It’s already Nov.. the time is going by way too fast. Feels like I just paid our bills and here I was today, paying bills again. Oct is already done and I don’t even remember seeing it go by. One day the trees had leaves, the next they were changing colors and the next, they were all on the ground. I keep telling myself I want to mow the lawn one last time before winter but the way it’s going, not sure it will happen.

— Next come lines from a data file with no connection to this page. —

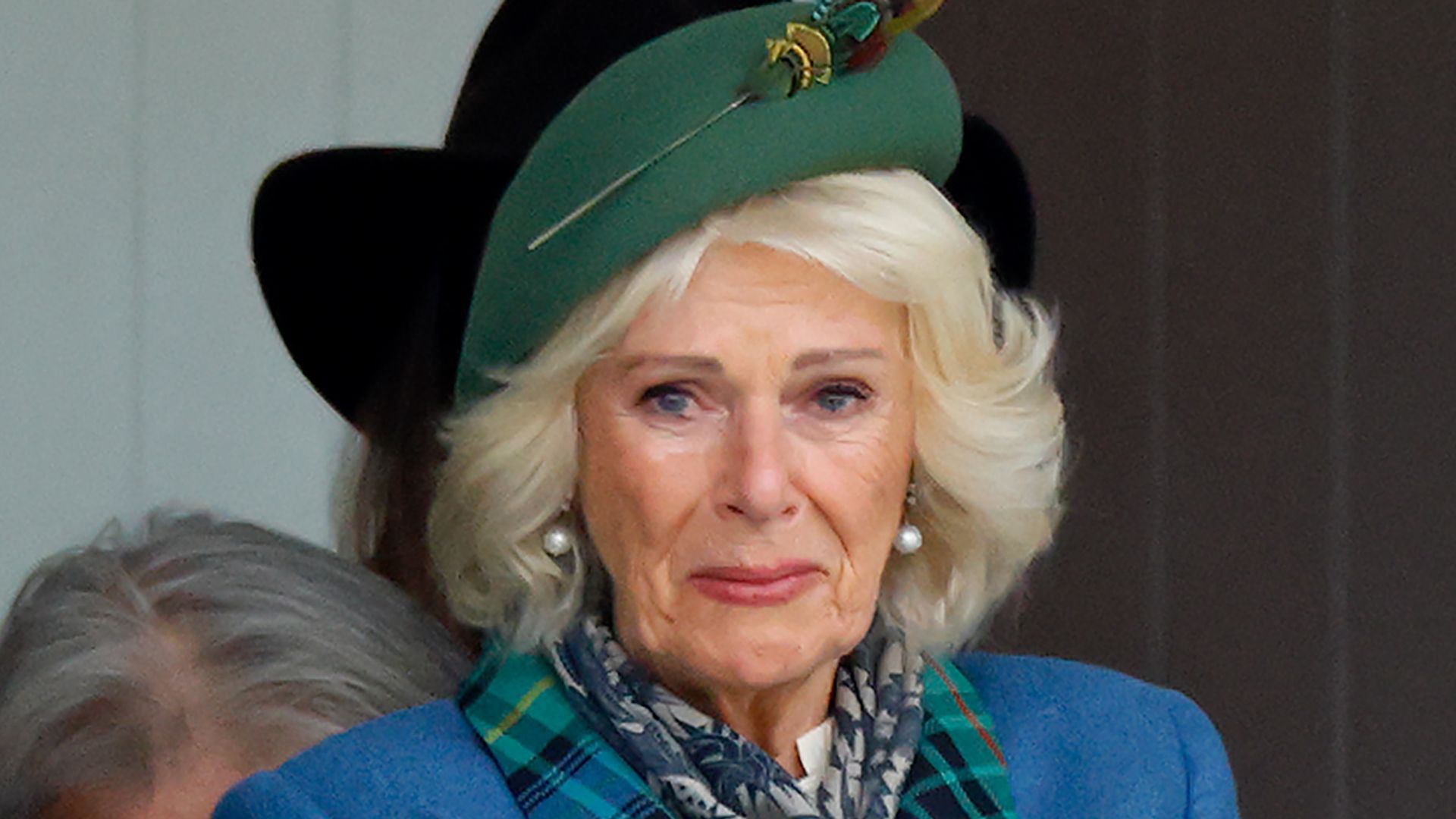 Queen Camilla sitting down at Braemar Royal Highland Gathering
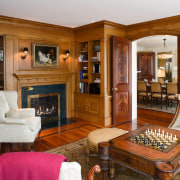 view of sthe library featuring mahogany flooring, chess estate, furniture, home, interior design, living room, real estate, room, brown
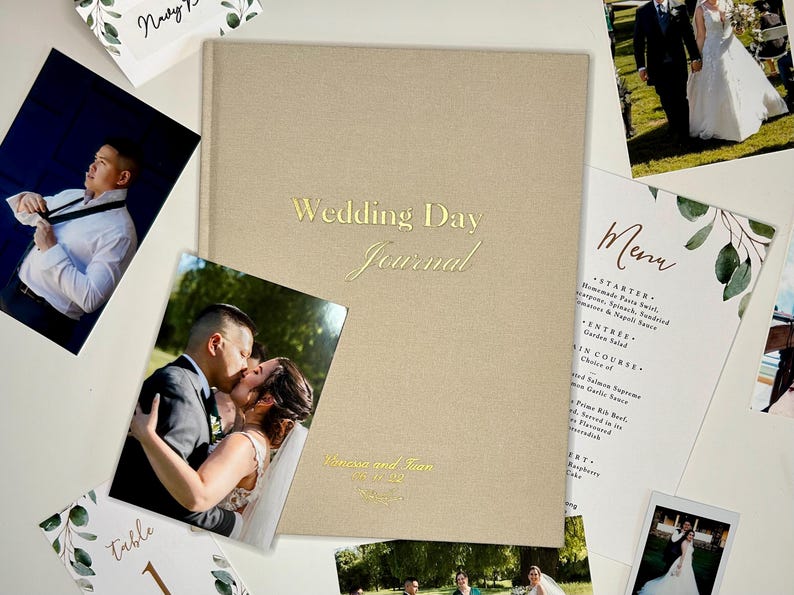 The Wedding Day journal surrounded by wedding pictures and other wedding paper memorabilia.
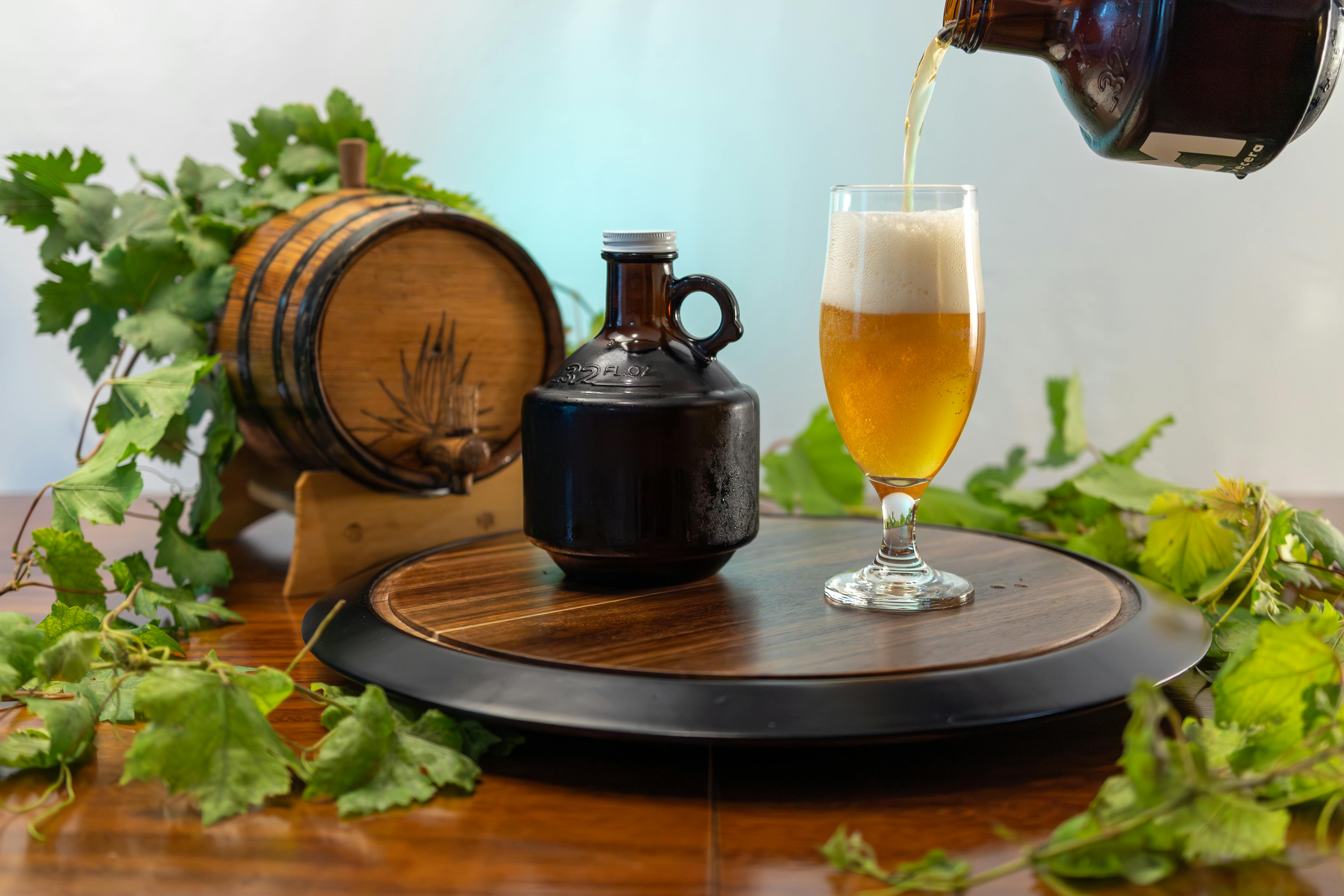 Craft beer being poured into a glass with a wooden barrel and vine leaves in the background for a rustic look.
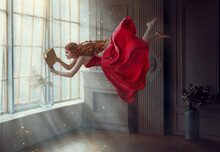 Fantasy Redhead Woman Soars Floats Flies In Air. Art Photo Levitation. Girl Fairy Princess Reads Magic Book, Divine Light From Window. Red Midi Dress, Lon Hair Flutters In Wind. Room Classic Interior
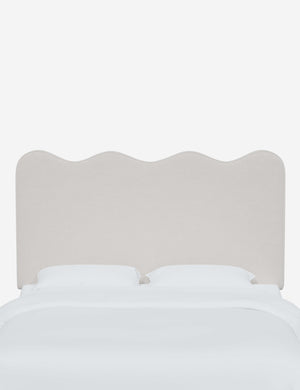 Clementine Snow Velvet Headboard with a scalloped shape at the top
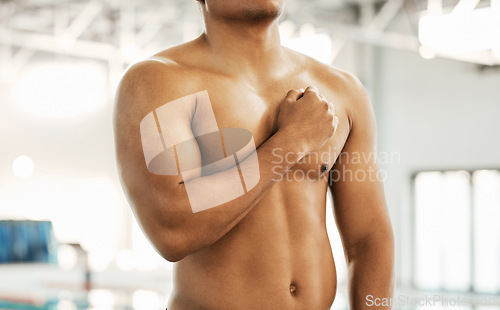 Image of Athlete, man and hand on chest with pride for national anthem at sport event or olympic competition by indoor swimming pool. Swimmer, person and shirtless for fitness, performance or lifestyle
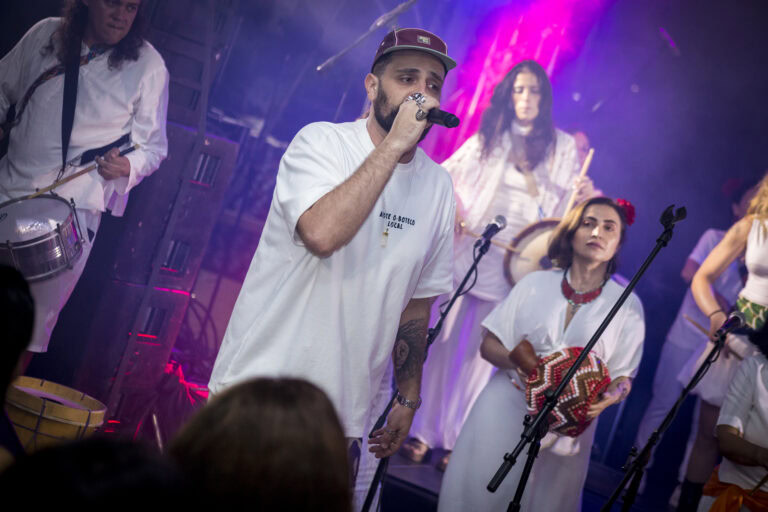 Performers em show ao vivo com instrumentos e microfone.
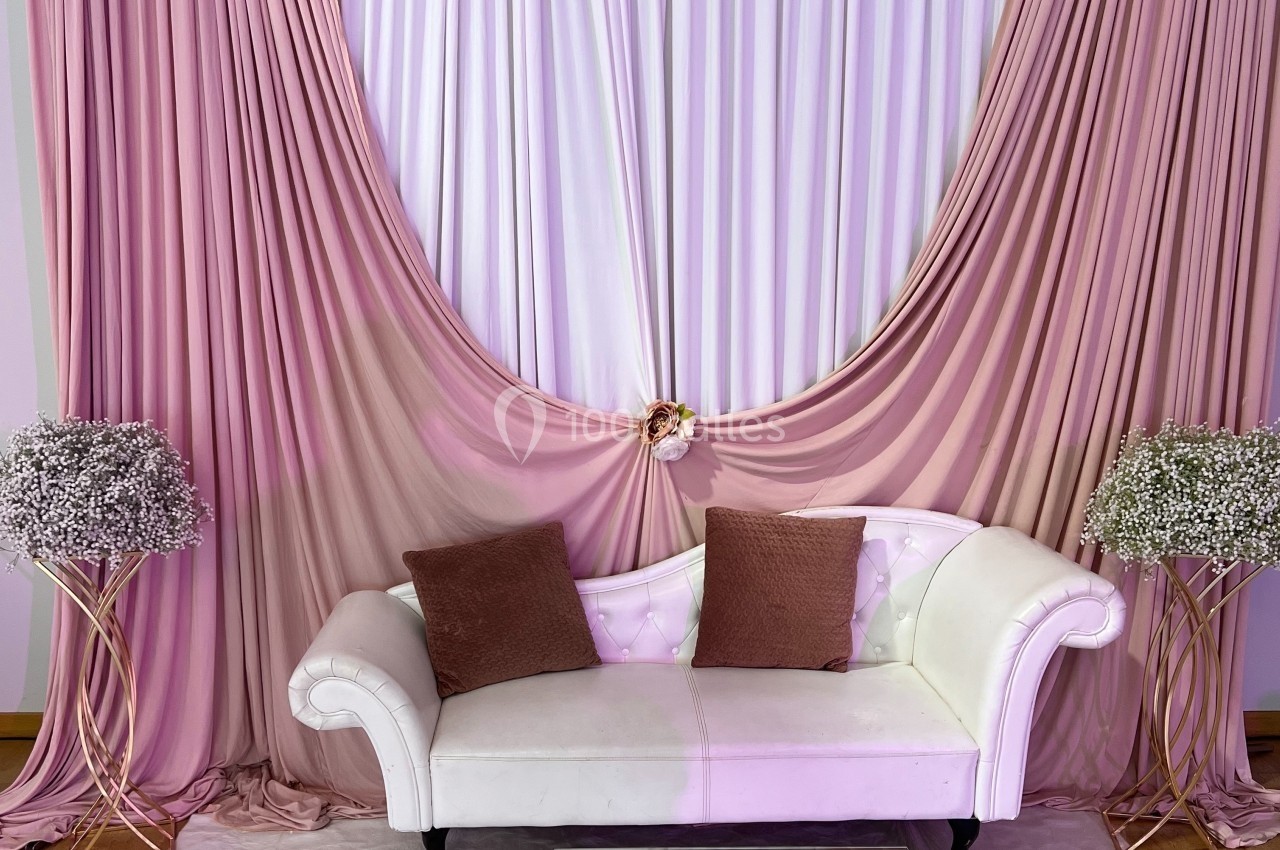 Canapé blanc avec coussins marron devant un rideau rose drapé, encadré par deux bouquets de gypsophiles.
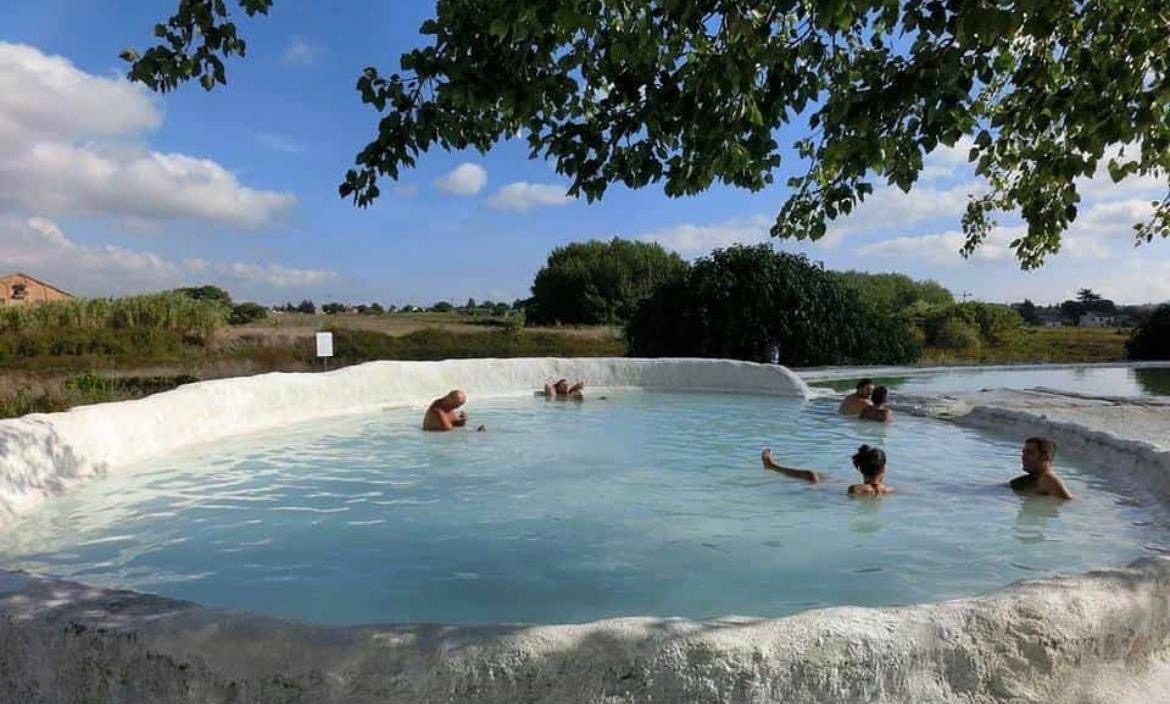 Open-air thermal pool with white mineral edges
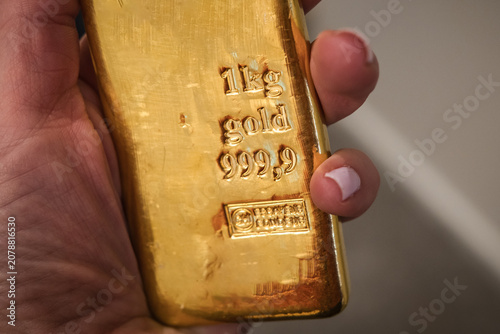 Gold bullion kilo bar in hand. Large cast investment gold ingot. Business and finance.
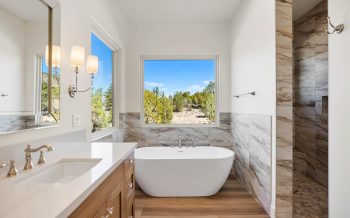 Sterling Ranch custom home primary bath with soaking tub, walk-in shower, and picture window views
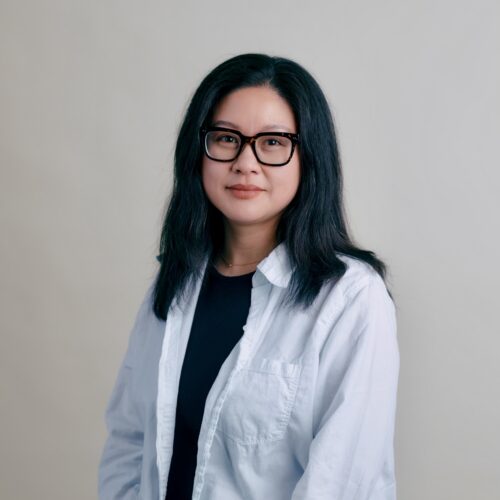 Woman with long dark hair and glasses, wearing a white shirt, sits against a plain light background.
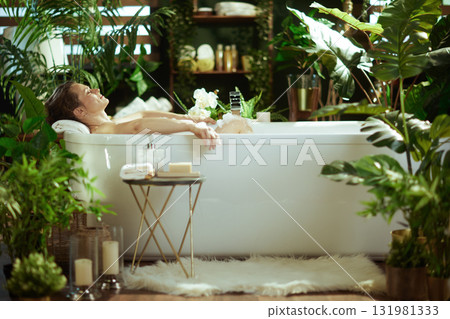 Woman Enjoying a Luxurious Bubble Bath Amidst Plants 131981333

Anyways, I slept a good 10 hrs but I was so exhausted this morning, I looked like a zombie. I had actually told hub I wanted him to come cuddle once I was done reading but of course, I was still reading but told myself I would take a lil five mins to rest my eyes but I sorta fell asleep so I just put my book away and decided to sleep cause I was that tired. Didn’t even take a pill cause I had no energy to do so. At close to 5 am I woke up cause I needed to go to the washroom and decided to take my pill at that time to make sure I had a good rest. That said, I still felt exhausted this morning, well afternoon since I only woke up at a bit after noon since my first client was at 1 pm.
So I went out with my first client. When I got to my second client, no one was home so I called this office thinking they had forgotten to call me to say he would be at his grandma which is the case half the time. They hadn’t received any call from his mom and couldn’t reach her so I waited my 15 mins and could leave. I was gonna go eat out with hub since I had three hours but decided to ask him to make us something to eat instead. Only the 1st of the month and already spending money, not good. Since I was home, what happened?! I was barely done eating that I had already decided I was gonna go have a nap. I was in the middle of watching an episode but all I wanted was my bed so I went and napped. This is really ridiculous. I’m thinking about my mom which is running around all the time and now has to go work tomorrow and she’s running on what?! I have no clue cause I’m so freaking exhausted and I don’t do nearly as much as she’s doing right now. It’s getting me worried about her. I’m scared she will end up doing too much. I told her she should be taking tomorrow off for herself and relax but she doesn’t want too. I just really hope she can handle all of this cause I honestly don’t know what I would do if anything would happen to her. I think I would totally lose it.
Beside that, I went out with my last client. Came back home and watch some shows and hub made us some food again. So nice of him. I was too lazy to do the dishes so I’ve put away what was in the dishwasher and filled it back with today’s dishes. I did do the garbage and brought them to the road.
Right now I should be in bed but instead I wanted to watch a movie which I am doing at the moment while writing. I’m not sure if I’ll finish it but I felt like watching a kids movie or what not. I was going to watch a cartoon but found this movie, A Witche’s Ball and it’s what I just started watching.